The problem: Using the listing below, please print exactly the lines from the one with "Ray of Life with Soan Papdi" through the one with "2026 Honda CR-V Hybrid - Photo 5". Leave out every picture.

++++++++++

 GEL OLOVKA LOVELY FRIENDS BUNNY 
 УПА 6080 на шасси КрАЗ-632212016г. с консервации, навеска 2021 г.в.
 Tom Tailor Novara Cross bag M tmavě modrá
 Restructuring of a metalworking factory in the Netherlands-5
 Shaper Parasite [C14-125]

++++++++++

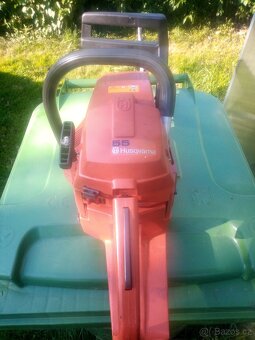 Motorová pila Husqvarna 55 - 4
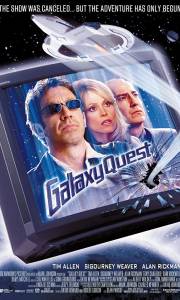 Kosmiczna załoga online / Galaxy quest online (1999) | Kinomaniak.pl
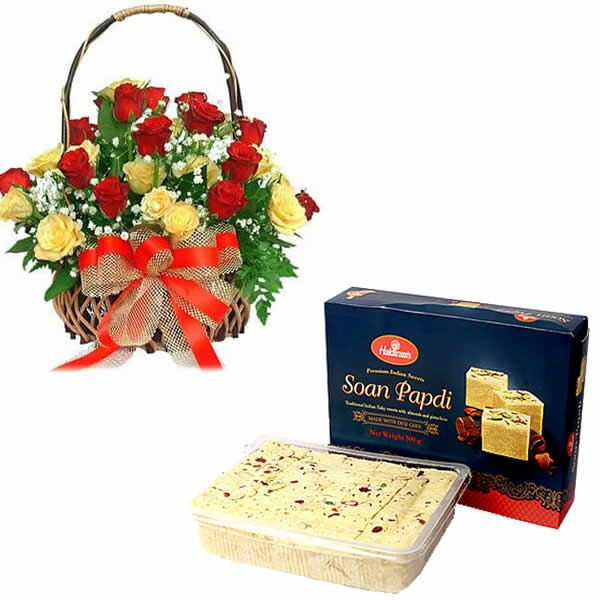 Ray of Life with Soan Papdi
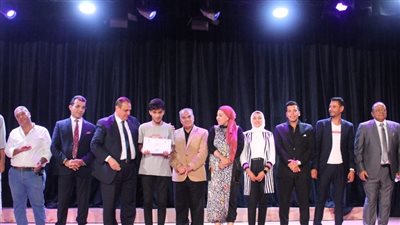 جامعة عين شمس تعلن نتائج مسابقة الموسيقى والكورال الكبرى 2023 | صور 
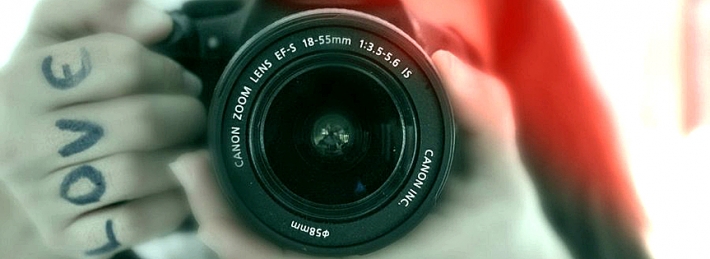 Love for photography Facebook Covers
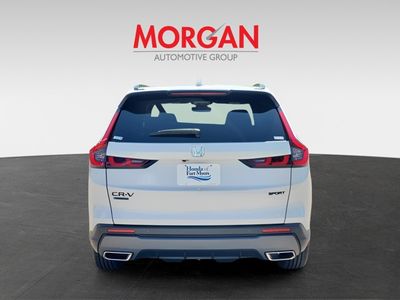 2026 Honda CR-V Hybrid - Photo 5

++++++++++

Written response:
 Ray of Life with Soan Papdi
 جامعة عين شمس تعلن نتائج مسابقة الموسيقى والكورال الكبرى 2023 | صور 
 Love for photography Facebook Covers
 2026 Honda CR-V Hybrid - Photo 5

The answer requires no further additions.